- Cove Springs Location within the state of Texas Cove Springs Cove Springs (the United States)
- Coordinates: 32°9′35″N 95°20′45″W﻿ / ﻿32.15972°N 95.34583°W
- Country: United States
- State: Texas
- County: Cherokee
- Elevation: 653 ft (199 m)
- Time zone: UTC-6 (Central (CST))
- • Summer (DST): UTC-5 (CDT)
- Area codes: 430, 903

= Cove Springs, Texas =

Cove Springs is a small unincorporated community in northwestern Cherokee County, Texas, United States. According to the Handbook of Texas, the community had a population of 40 in 2000. It is located within the Tyler-Jacksonville combined statistical area.

==History==
The area in what is known as Cove Springs today was first settled in the 1850s.

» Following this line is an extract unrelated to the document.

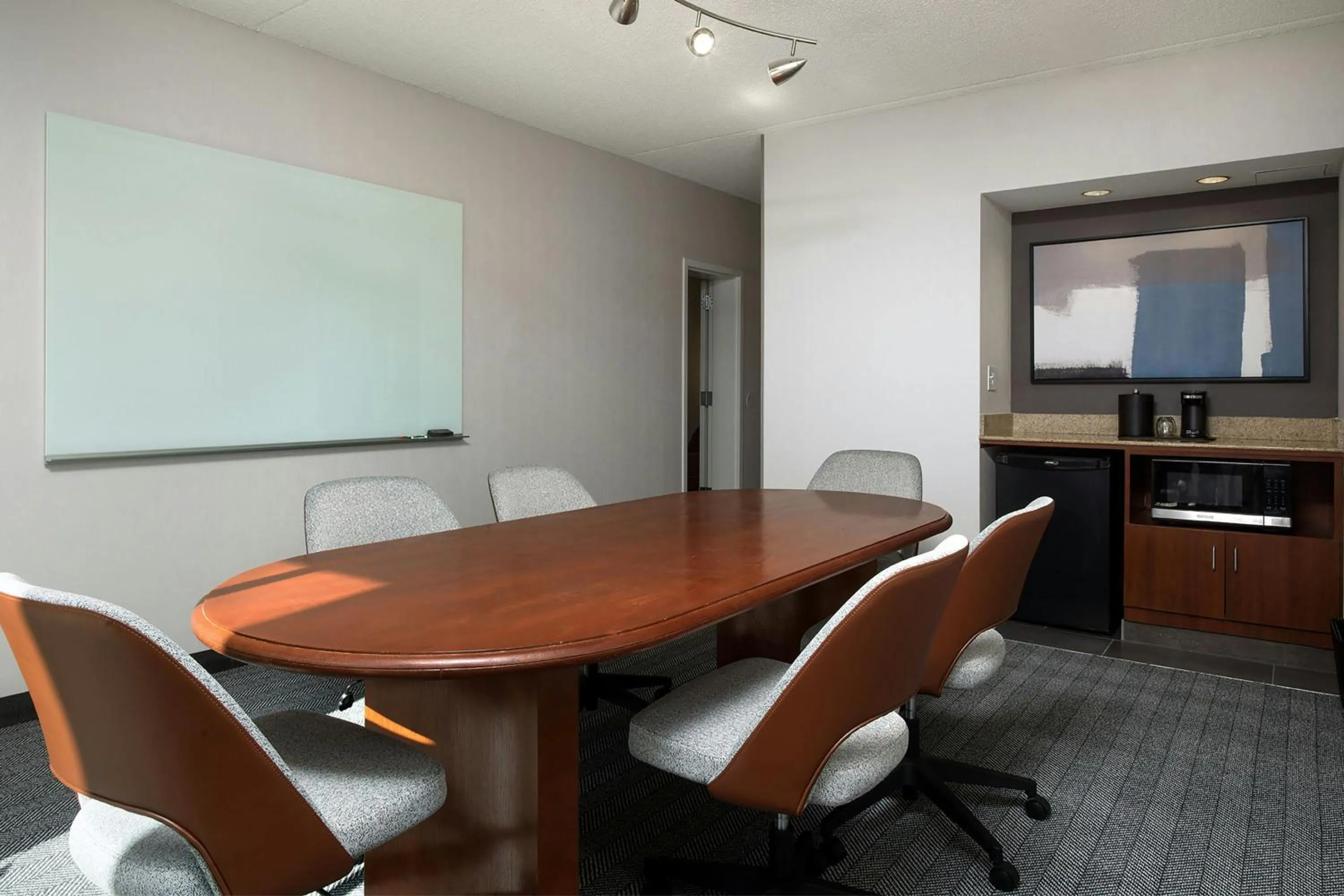 Meeting/conference room in Courtyard by Marriott Phoenix North
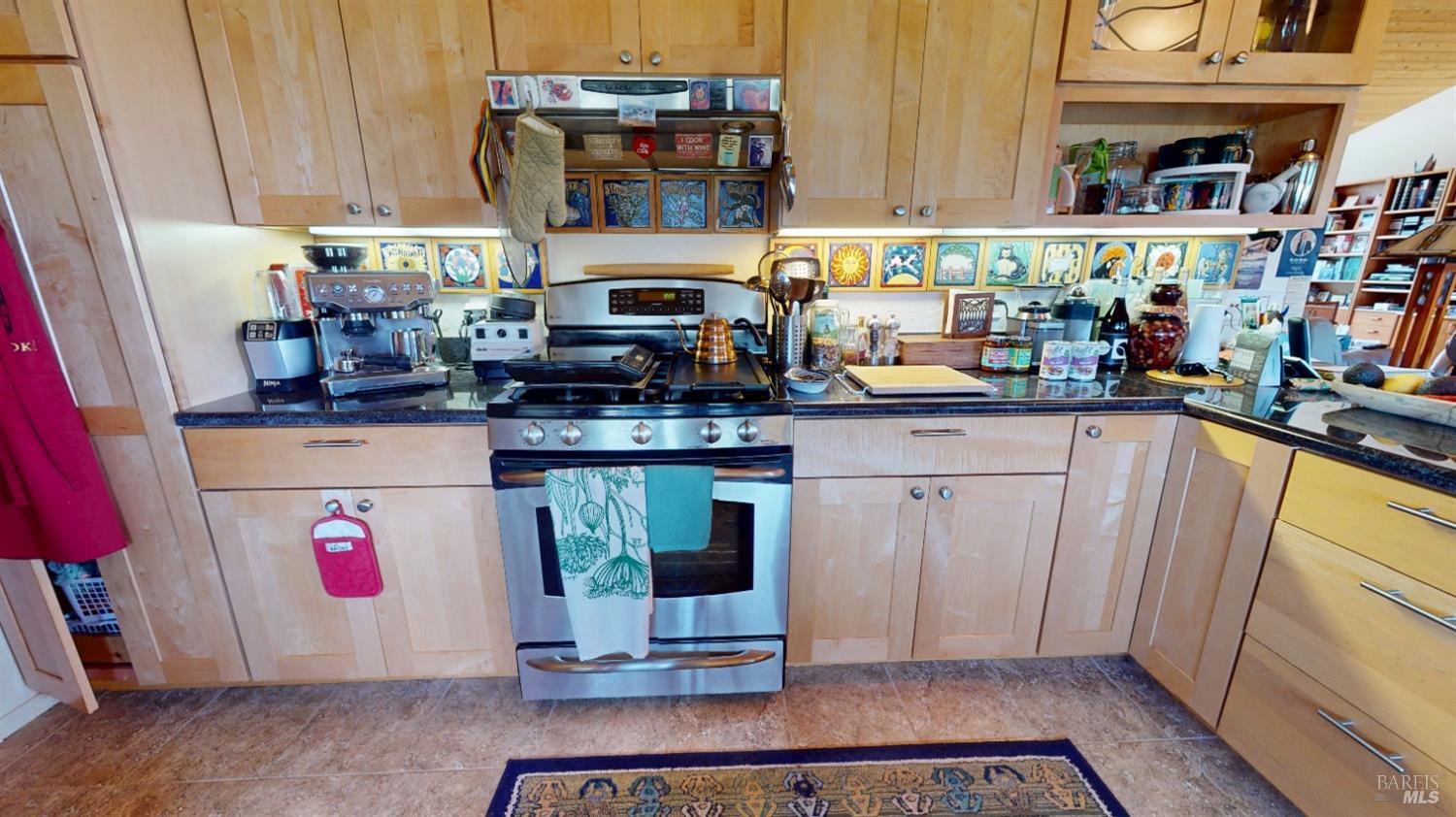 Detail Gallery Image 10 of 10 For 43661 Cypress Parkway Pkwy, Manchester,  CA 95459 - 3 Beds | 2 Baths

It was given the name Cove Springs for a hot spring on the Neches Saline Road, which was a stopping point for travelers. A Methodist Church was established at the turn of the century and a Baptist church was established in 1932. It had both churches, several businesses, and several scattered houses after World War II. People left after the war ended, but it still had two churches and a few businesses in the early 1990s. Its population was 40 in 2000.

==Geography==
Cove Springs is located along U.S. Highway 175, 18 mi northwest of Rusk in northwestern Cherokee County.

==Education==
Cove Springs had its own school in 1896 and had 23 students enrolled. The area is now part of the Jacksonville Independent School District.

==Government==
The Earle's Chapel Volunteer Fire Department's Station #2 is located in Cove Springs; it serves Cove Springs and the surrounding area.